Please give back, exactly as written, the lines from the line with "Maroon Velvet Ladies" to the line with "arched mirror mounted" in the listing below, leaving out all pictures.

__DATA EXCERPTS__
■ ■ ■

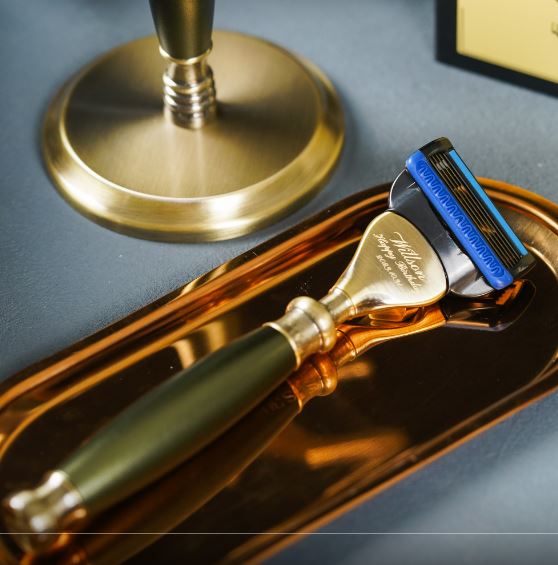 FREED 古銅系列豪華四件組五刀式刮鬍刀禮盒-大地綠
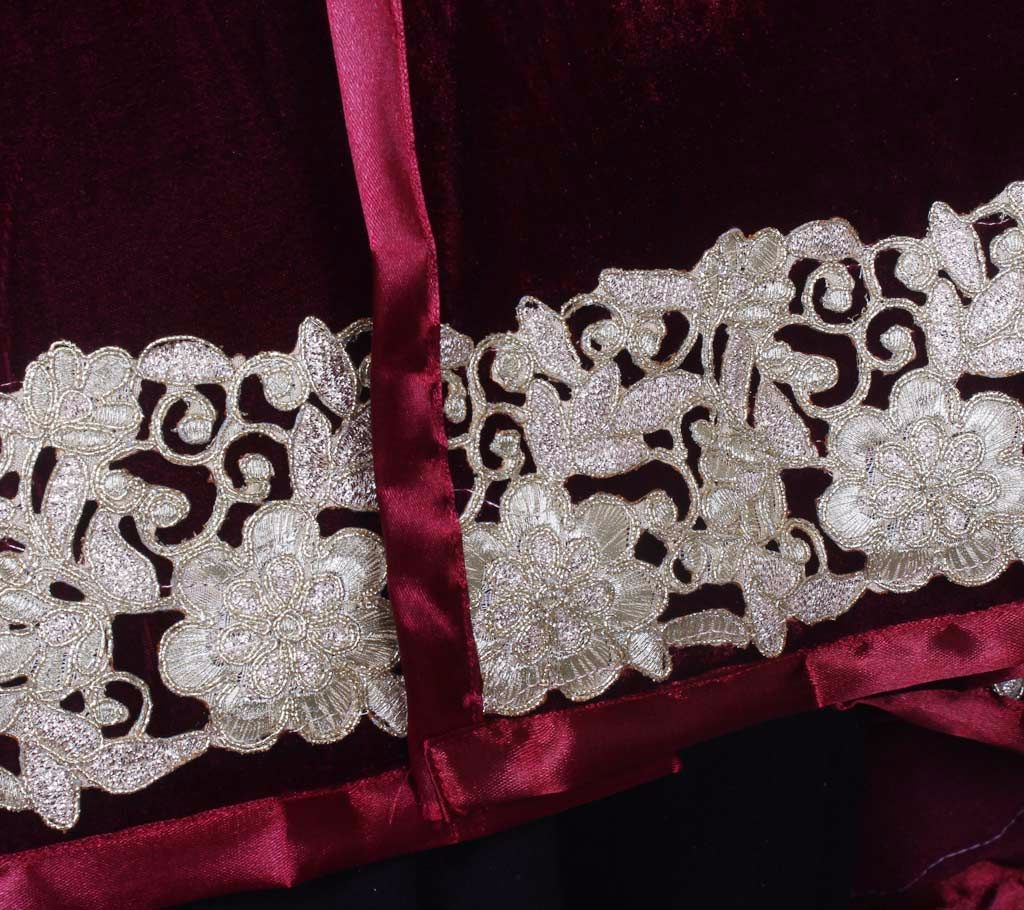  Maroon Velvet Ladies Shawl with  embroidered Lace border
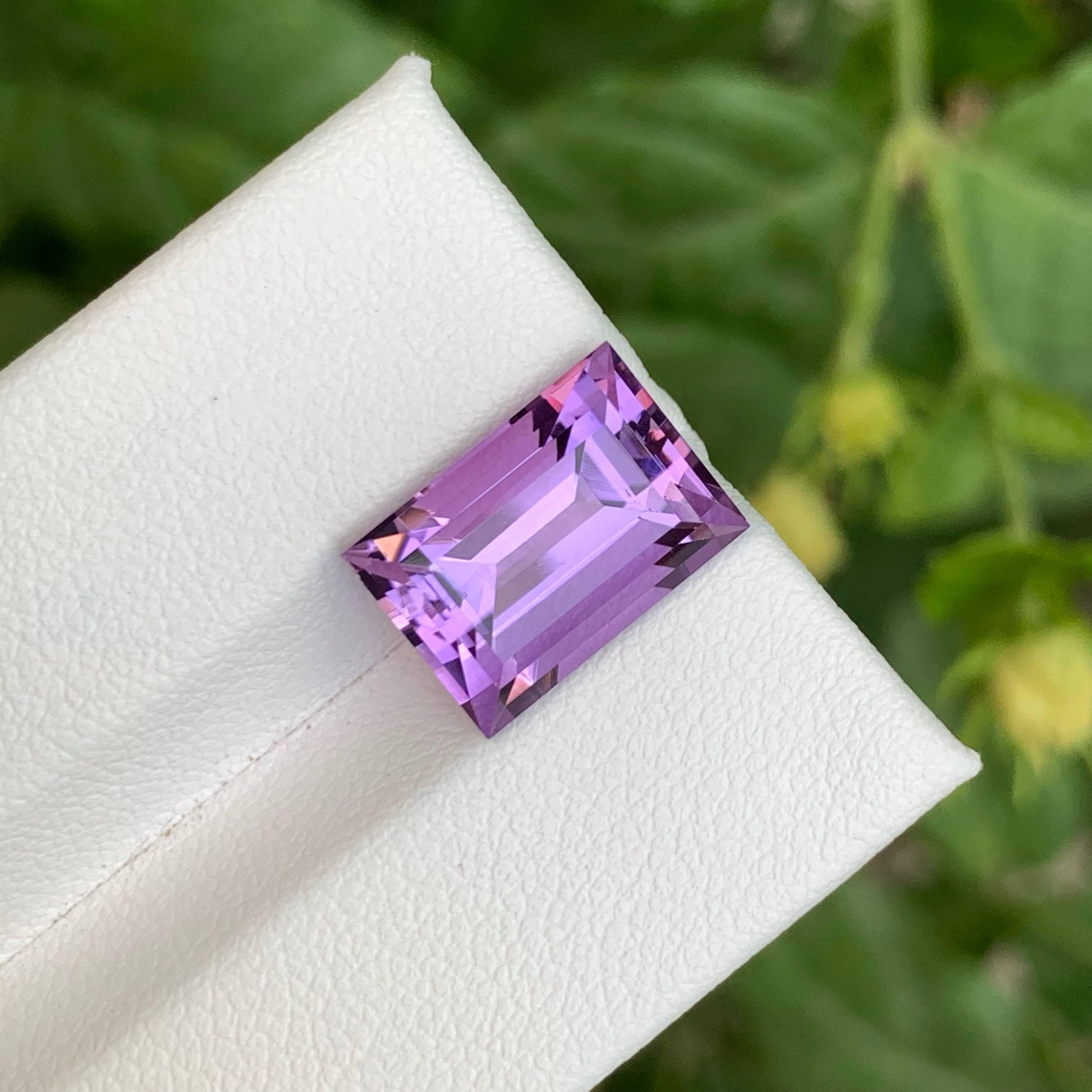 5.60 Carat Loose Purple Amethyst Stone Baguette Cut Natural Brazilian Gemstone For Sale 4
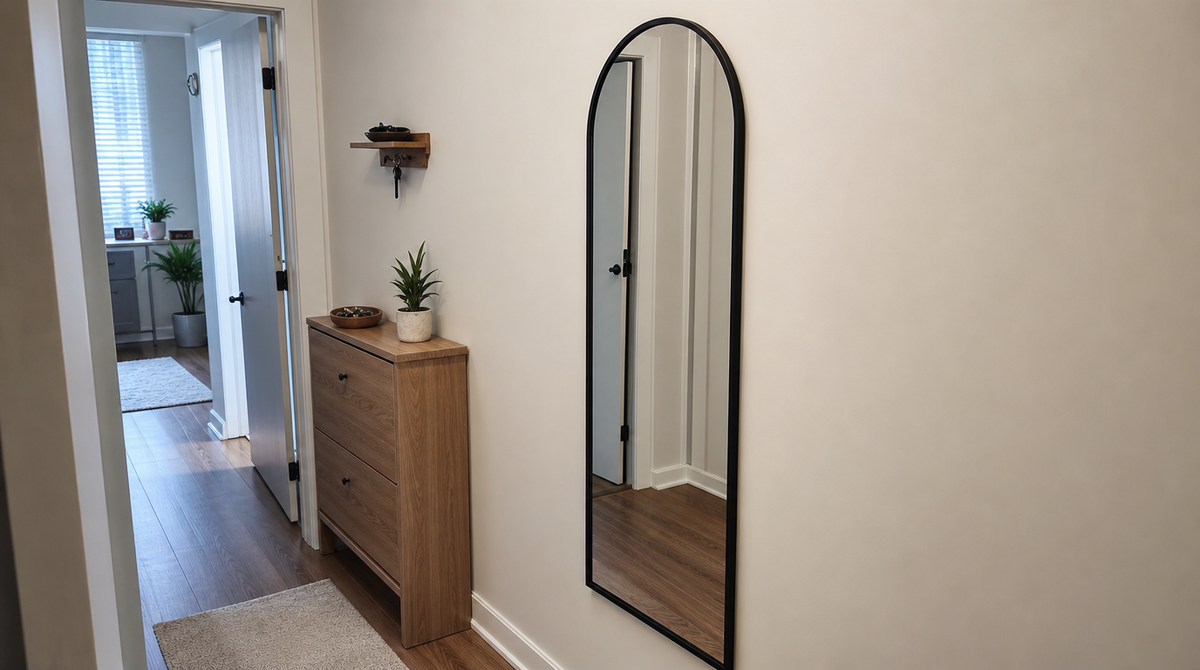 “Black arched mirror mounted above the floor in a narrow hallway beside a wooden storage cabinet.”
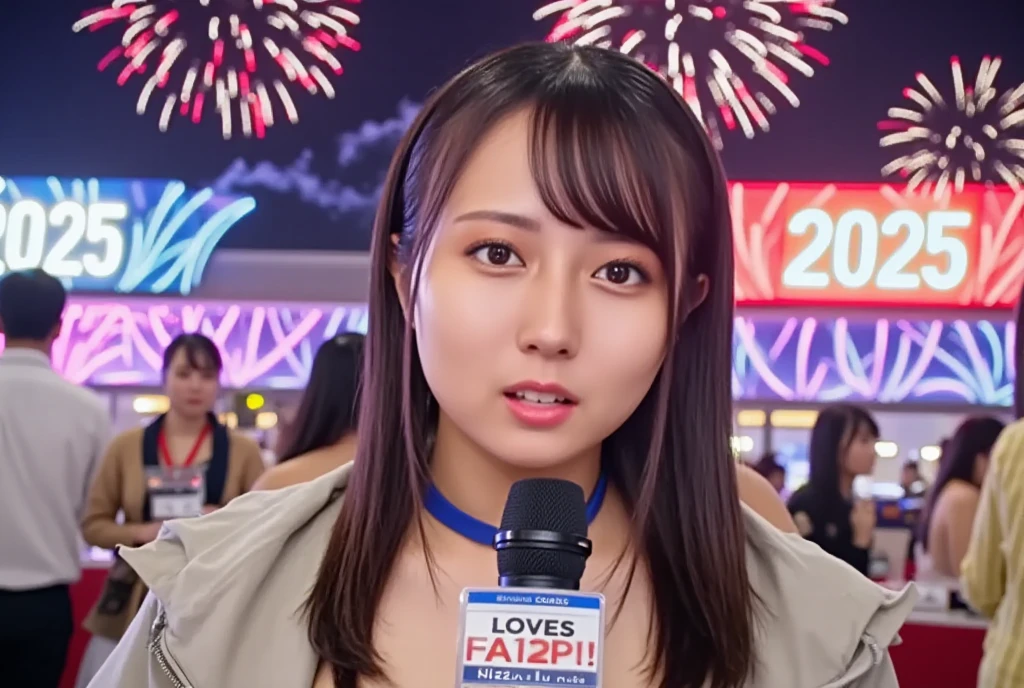 (RAW photo, real photo, high quality, masterpiece), 1 woman, Tamao, (news anchor woman is in 2025 party, woman hold a microphone and live broadcasting in party in front of the camera, words "2025" fireworks and word "2025" banners, 2025 fireworks in the sky, )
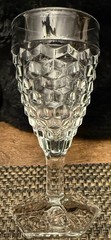 Set Of 8 Vintage Fostoria American Clear Hex Footed Water Or Wine Glasses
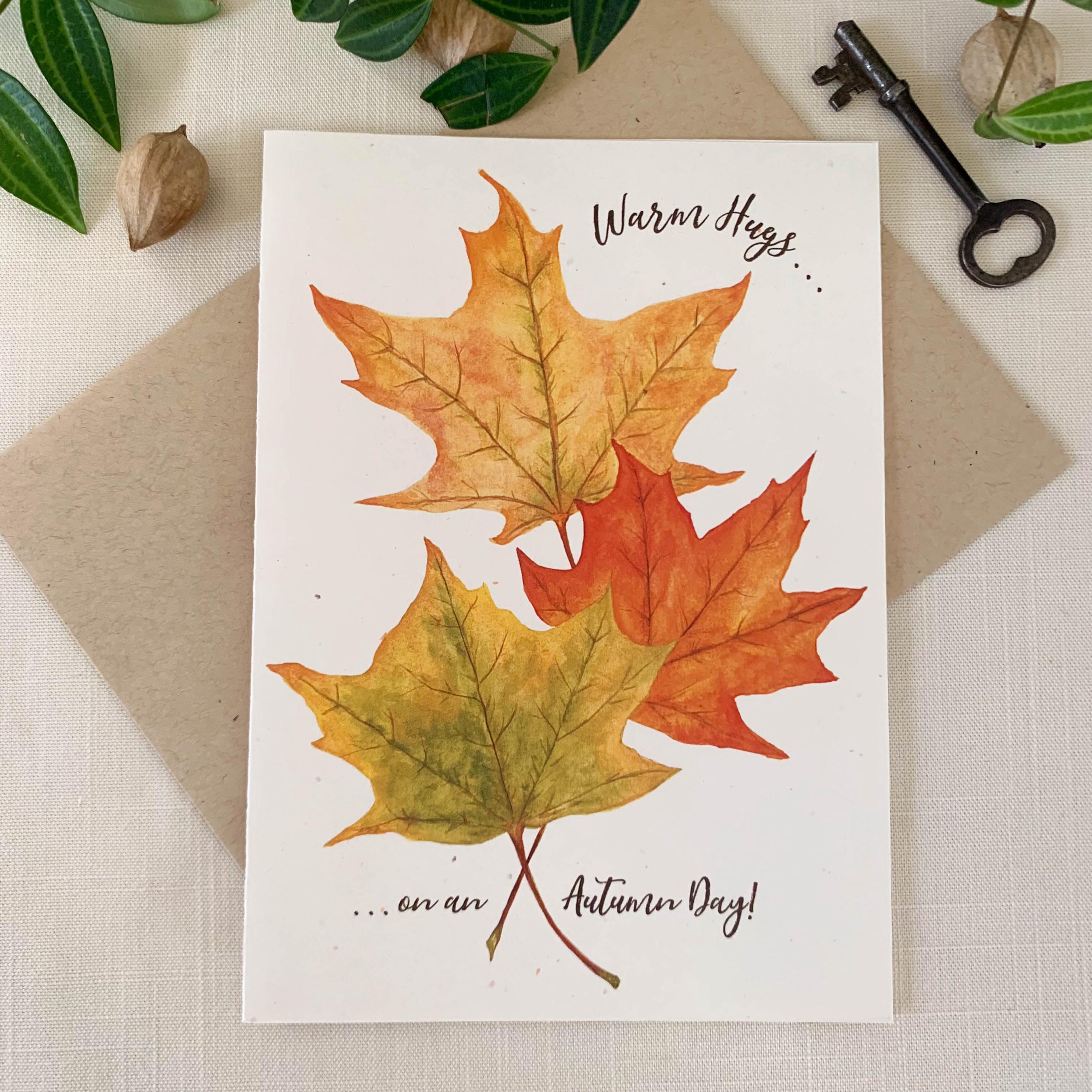 Autumn Maple Leaves Watercolor Greeting Card. 5x7 Card With Kraft ...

■ ■ ■

__OUTPUT OF THE TASK__
  Maroon Velvet Ladies Shawl with  embroidered Lace border
 5.60 Carat Loose Purple Amethyst Stone Baguette Cut Natural Brazilian Gemstone For Sale 4
 “Black arched mirror mounted above the floor in a narrow hallway beside a wooden storage cabinet.”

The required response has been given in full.